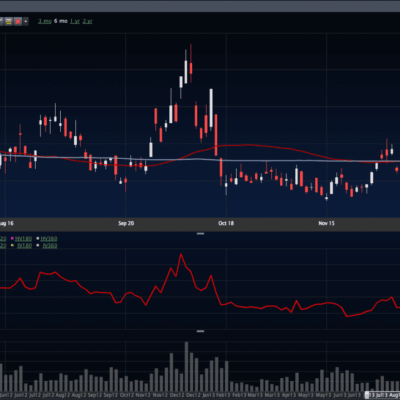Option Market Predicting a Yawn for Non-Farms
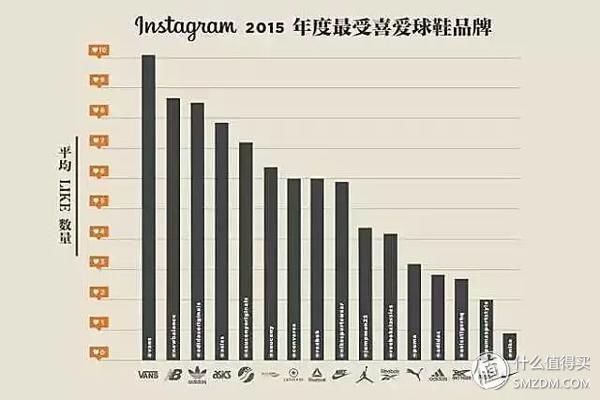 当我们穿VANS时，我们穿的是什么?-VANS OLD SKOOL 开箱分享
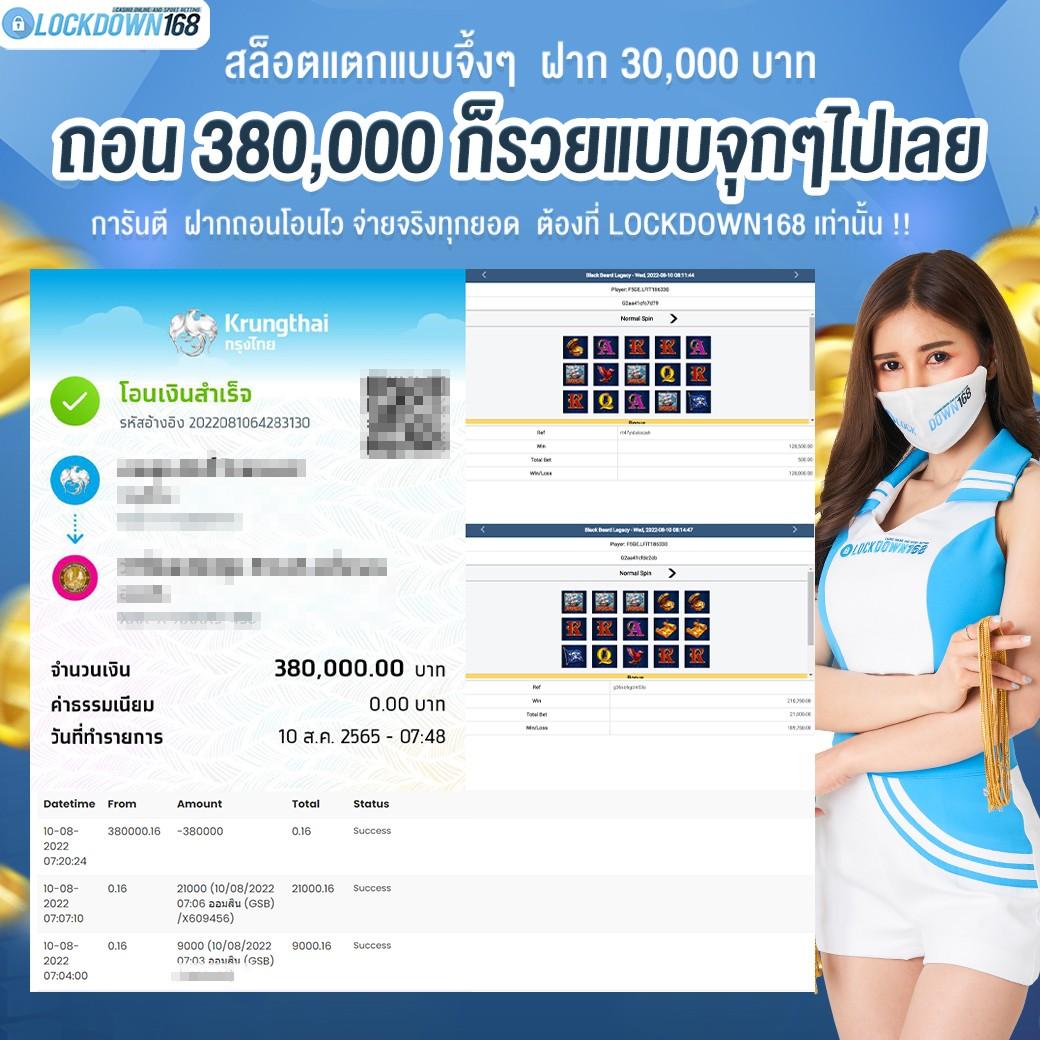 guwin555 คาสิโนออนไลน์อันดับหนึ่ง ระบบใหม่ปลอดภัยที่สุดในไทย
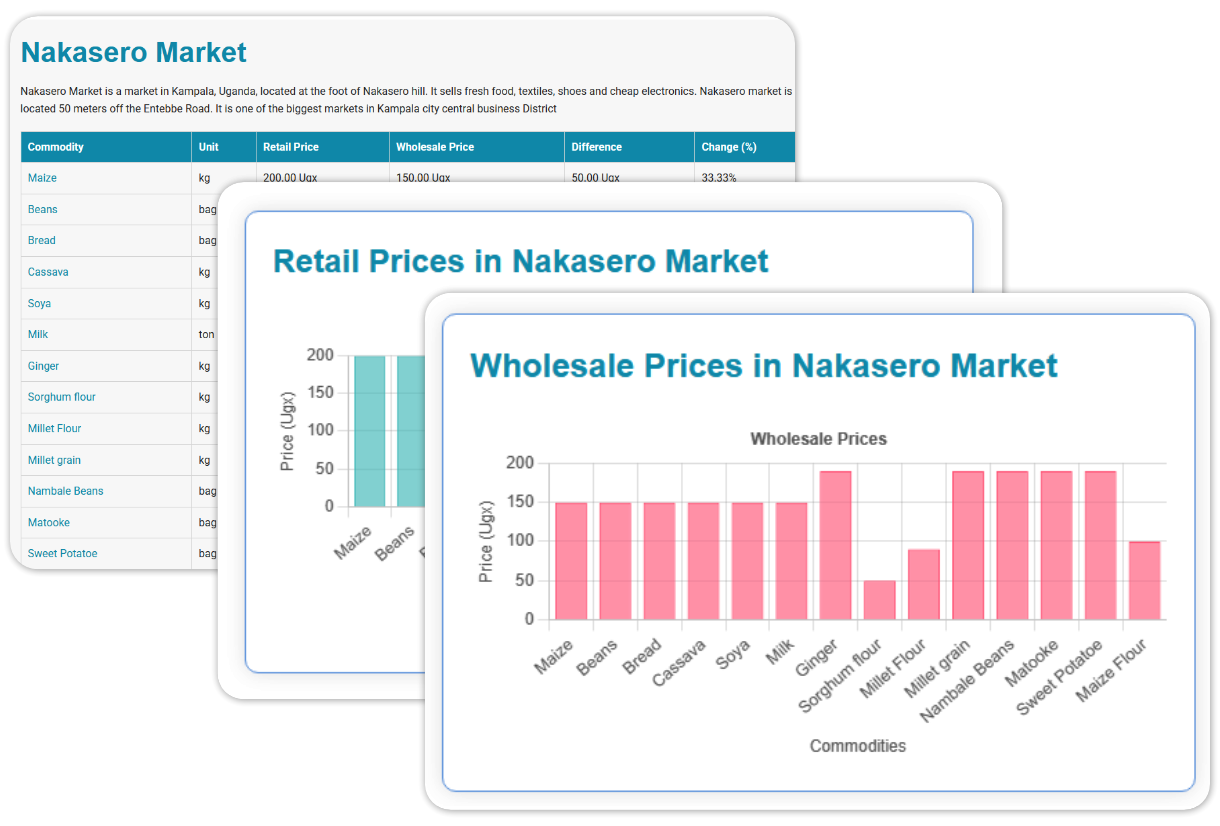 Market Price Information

Assigned task: Pictures stay out. Write out everything else in the material exactly.

Response:
Option Market Predicting a Yawn for Non-Farms
 当我们穿VANS时，我们穿的是什么?-VANS OLD SKOOL 开箱分享
 guwin555 คาสิโนออนไลน์อันดับหนึ่ง ระบบใหม่ปลอดภัยที่สุดในไทย
 Market Price Information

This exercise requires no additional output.